Najlepszym okresem w roku szkolnym są wakacje. To wspaniała okazja do odpoczęcia od codziennych trudów i marudzenia nauczycieli i pedagogów.  Można się wyszaleć i zapomnieć o męczącym i schematycznym życiu, jakie czeka nas po zakończeniu edukacji. Niestety nie wszyscy mogą się bawić i wygłupiać. Na wiele osób czekają obozy naukowe i dodatkowe zajęcia. Na szczęście, nie są one tak ekstremalne jak te z mangi My Hero Academia – Akademia bohaterów. Inaczej wracalibyśmy do szkoły jeszcze bardziej zmęczeni i zniechęceni.  

My Hero Academia – Akademia bohaterów to jedna z największych i najpopularniejszych mang wydawanych obecnie. Seria autorstwa Kōhei Horikoshiego doczekała się wielu spin-offów, książek, gier wideo, przedstawień teatralnych i może pochwalić się jednym z najpopularniejszych anime na świecie. Tytuł wydawany jest w Polsce przez Waneko, które w swoim katalogu ma też dodatkowe pozycje ze świata tej mangi takie jak książki light novel. Pojawiły się  też  komiksowe spin-offy Vigilante i Team-up Missions, o których miałem okazje pisać w innych tekstach.

W świecie bohaterów

Głównym bohaterem mangi My Hero Academia – Akademia bohaterów  jest młodzieniec o imieniu Izuku Midoriya znany też jako Deku. Chłopak od zawsze marzy, żeby zostać super bohaterem i ratować ludzi. Jest to całkiem normalne marzenie dla kogoś młodego i szukającego swojej drogi. Z tym że w tym świecie super bohaterowie są prawdziwi.
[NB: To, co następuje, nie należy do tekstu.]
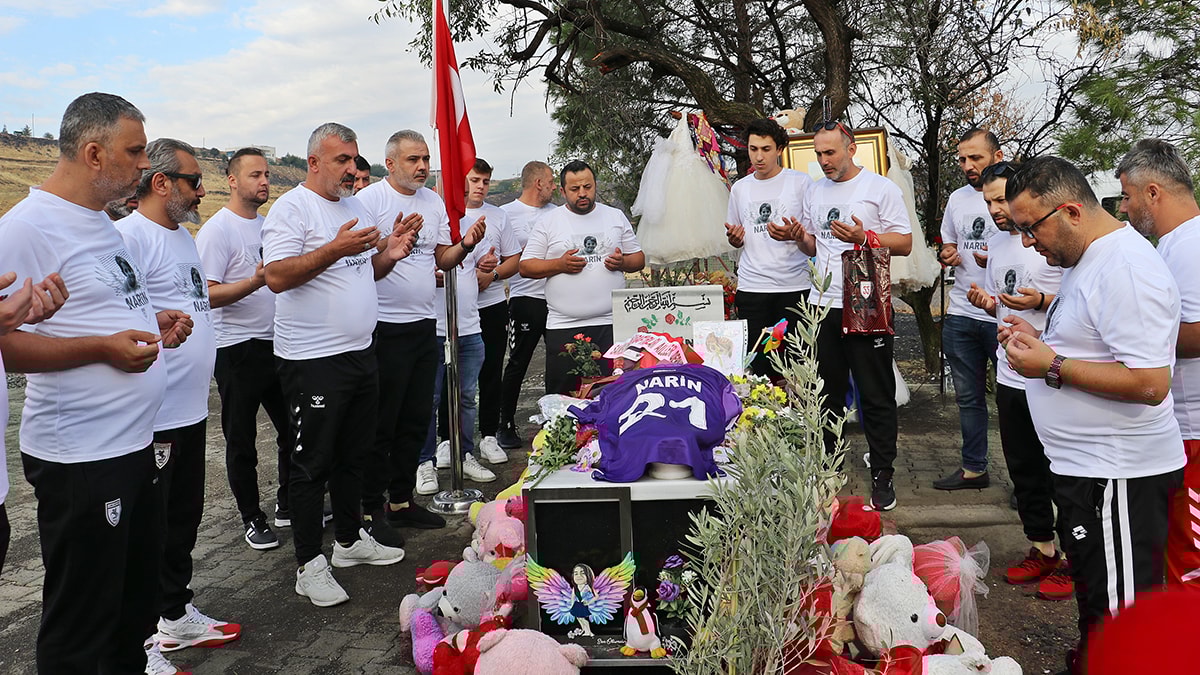 Samsunspor taraftarlarından Diyarbakır'da Narin Güran'a anlamlı ziyaret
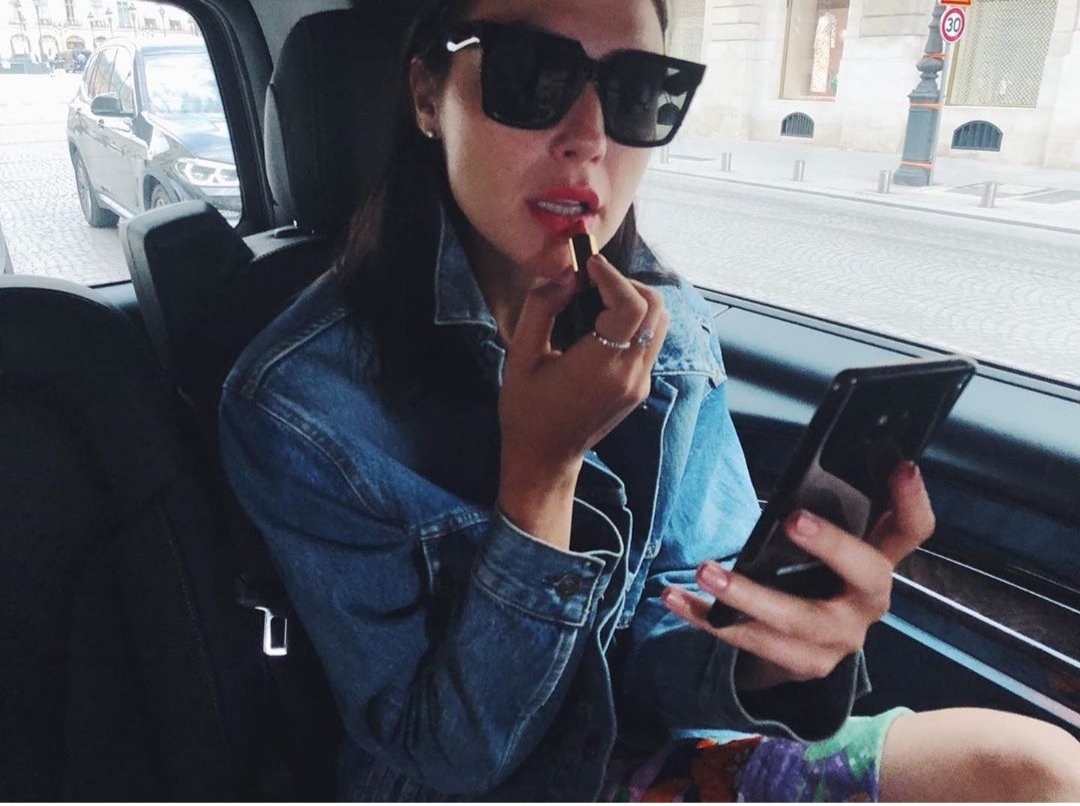 GalGadot's tweet photo. Good luck with that 🙈😆 #TaxiTouchUps @Revlon https://t.co/tkAPzIEyJi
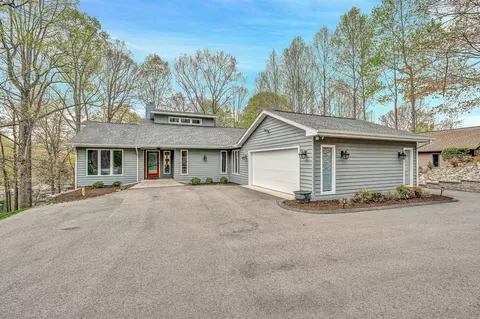 165 Channelview Dr, Moneta, VA 24121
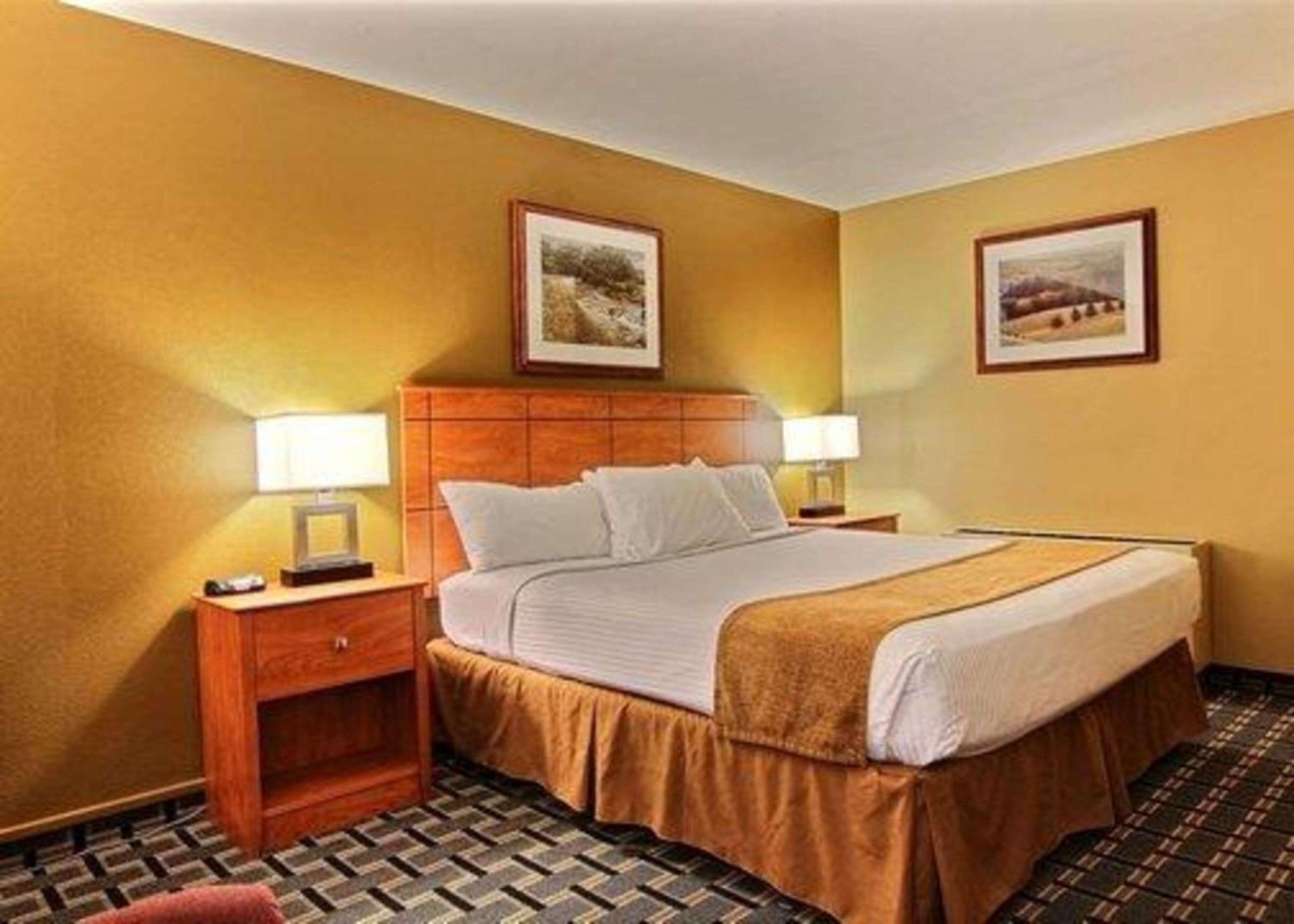 Quality Inn Thief River Falls Exterior photo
Wynika to z tego, że duży odsetek społeczeństwa posiada zdolności nadprzyrodzone. Może być to coś drobnego, ale także moc teleportacji, zianie ogniem, czy nadludzka siła. Izuku należy jednak do tych wyjątków, które nie posiadają żadnych mocy. Mimo to chłopak stara się być jak najlepszą osobą. Jego siła i odwaga sprawiają, że Deku trafia do akademii dla przyszłych super bohaterów, a najsilniejszy heros świata wybiera go na swojego następcę i dziedzica mocy. Czy uda mu się przetrwać w nowej sytuacji? Czy młodzieniec sprosta wszystkim wyzwaniom stojącym na drodze do zostania legendarnym bohaterem?

Bez wytchnienia

Tom  7 mangi  startuje z kopyta i po starciu z zabójcą bohaterów, młodzi uczniowie mają sporo na głowie. Po pierwsze schwytany zbrodniarz i jego ideologiczny manifest okazuje się skuteczną motywacją dla innych złoczyńców. Morderca z powodu na swoje przekonania zyskuje fanów i naśladowców, co jest niezwykle niebezpieczne. W końcu ideologia może być straszną bronią.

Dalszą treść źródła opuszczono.